Testata: Il Sole 24 Ore
Data: 08 ottobre 2010
Pagina: 14
Autore: Ugo Tramballi
Titolo: «Stallo sulle colonie, negoziati di pace a rischio fallimento»

Riportiamo dal SOLE 24 ORE di oggi, 108/10/2010, a pag. 14, l'articolo di Ugo Tramballi dal titolo " Stallo sulle colonie, negoziati di pace a rischio fallimento".


Abu Mazen come Yasser Arafat

I negoziati visti da Ugo Tramballi : " i palestinesi stanno chiaramente con i democratici. Se Barack Obama uscirà indebolito, la partita sulla moratoria delle colonie la vincono gli israeliani; se ne sarà rafforzato, i palestinesi possono davvero sognare uno stato fra un anno, come promesso dal presidente americano. ". Un' 'analisi' che mira a incolpare Israele del possibile fallimento dei negoziati. Contrariamente a quanto crede Tramballi, gli arabi non sognano nessuno Stato palestinese. Se fosse così, l'avrebbero da parecchi anni.
Ciò che interessa all'Anp è affondare Israele. Tutti i negoziati sono falliti, in passato, grazie ai secchi rifiuti della controparte araba.
A Tramballi che vede solo buone intenzioni nell'Anp, consigliamo la lettura della Cartolina da Eurabia di Ugo Volli del 07/10/2010 dal titolo " Ecco i palestinesi  buoni con cui bisognerebbe fare la pace ", con le dichiarazioni di Abu Mazen e Saeb Erekat sui negoziati e Israele. Sarà per lui illuminante e gli permetterà di comprendere che non è Israele a remare contro i negoziati.
Ecco l'articolo:

Lo strano caso degli insediamenti e del loro congelamento potrebbe essere risolto oggi. Ma potrebbe anche non esserlo. Oggi la Lega Araba si riunisce in Libia, ascolta il resoconto di Abu Mazen e insieme a lui decide se rinunciare al dialogo di pace con Israele se Israele non prolunga la moratoria sulle colonie nei territori occupati. Ma forse no.

Il fatto è che quella moratoria iniziata con molte falle dieci mesi fa si è temporalmente conclusa due settimane fa. Ma Bibi Netanyahu, il premier israeliano, da allora non ha fatto alcuna dichiarazione politica: non ha annunciato che i lavori riprendono né che accetta la richiesta americana di prolungare la moratoria per altri due mesi. Israele sembra molto più interessato a leggere i carteggi ora declassificati della guerra del Kippur, scoppiata 37 anni fa di questi giorni.

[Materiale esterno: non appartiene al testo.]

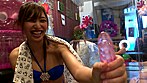 羞恥！彼氏連れ素人娘をマシンバイブでこっそり攻めまくれ！10 素人VSマシンバイブ 海辺のオシャレカフェに設置した特設スタジオから実況ナマ中継！ - Image 4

L'unica cosa certa è che i lavori nelle colonie sono ripresi, con o senza annuncio formale: 350 case iniziate in una settimana, come spiega con orgoglio Danny Dayan, il capo del movimento dei coloni, è una bella media. Nonostante questo, nessun arabo ha annunciato che la trattativa di pace è chiusa, come l'evidenza dei fatti dovrebbe già dimostrare. Ammonimenti, minacce ma nessuna presa di posizione formale. Ieri Yasser Abed Rabbo sosteneva che «non ci sarà mai un serio processo politico col governo Netanyahu». Abed Rabbo non è importante come Abu Mazen, anche se la sua dichiarazione potrebbe anticipare uno sbocco dell'impasse sulle colonie: il tentativo americano di far cadere il governo di destra in Israele sperando che ne succeda uno di centro-sinistra.

Non dicendo nulla Bibi Netanyahu riguardo alla richiesta americana di altri due mesi di moratoria, anche la Lega oggi potrebbe prendere posizioni interlocutorie. Sono tutti in attesa di un evento lontano dal Medio Oriente: le elezioni di medio termine negli Stati Uniti. Il governo di destra israeliano tifa per i repubblicani senza nasconderlo troppo; i palestinesi stanno chiaramente con i democratici. Se Barack Obama uscirà indebolito, la partita sulla moratoria delle colonie la vincono gli israeliani; se ne sarà rafforzato, i palestinesi possono davvero sognare uno stato fra un anno, come promesso dal presidente americano. Non c'è altra ragione che spieghi perché su un tema come gli insediamenti che potrebbe provocare una terza Intifada, ci sia invece tanto titubare.

In fondo anche i negoziatori americani attendono i risultati di midterm, il 3 novembre, per sapere come comportarsi. La proposta fatta agli israeliani è evidentemente legata a quella scadenza. In cambio di un congelamento di soli due mesi (cioè quando i rapporti di forza fra democratici e repubblicani si saranno assestati in base al voto di medio termine) gli americani offrono a Israele praticamente una vittoria alla lotteria: aumento degli aiuti militari che sono già da tre miliardi di dollari l'anno, il trasferimento delle armi tecnologicamente più avanzate, il diritto israeliano di mantenere le truppe nella valle del Giordano anche dopo la nascita dello stato palestinese, la promessa che passati i due mesi non verranno più chieste altre moratorie. Non solo: la questione delle frontiere esce dalle priorità del processo di pace e nel frattempo gli israeliani saranno liberi di costruire ciò che vogliono.

Non si capisce perché i palestinesi non dovrebbero protestare ma si capisce ancor meno perché Israele non accetti con entusiasmo. Ancora senza citare la moratoria, ieri sera Netanyahu ha scaricato sui palestinesi la responsabilità di un eventuale fallimento della trattativa: «Perché volete lasciare i colloqui? Non girate le spalle alla pace». Un'ambiguità che farà molto arrabbiare Barack Obama. Eventualmente dopo le elezioni di medio termine.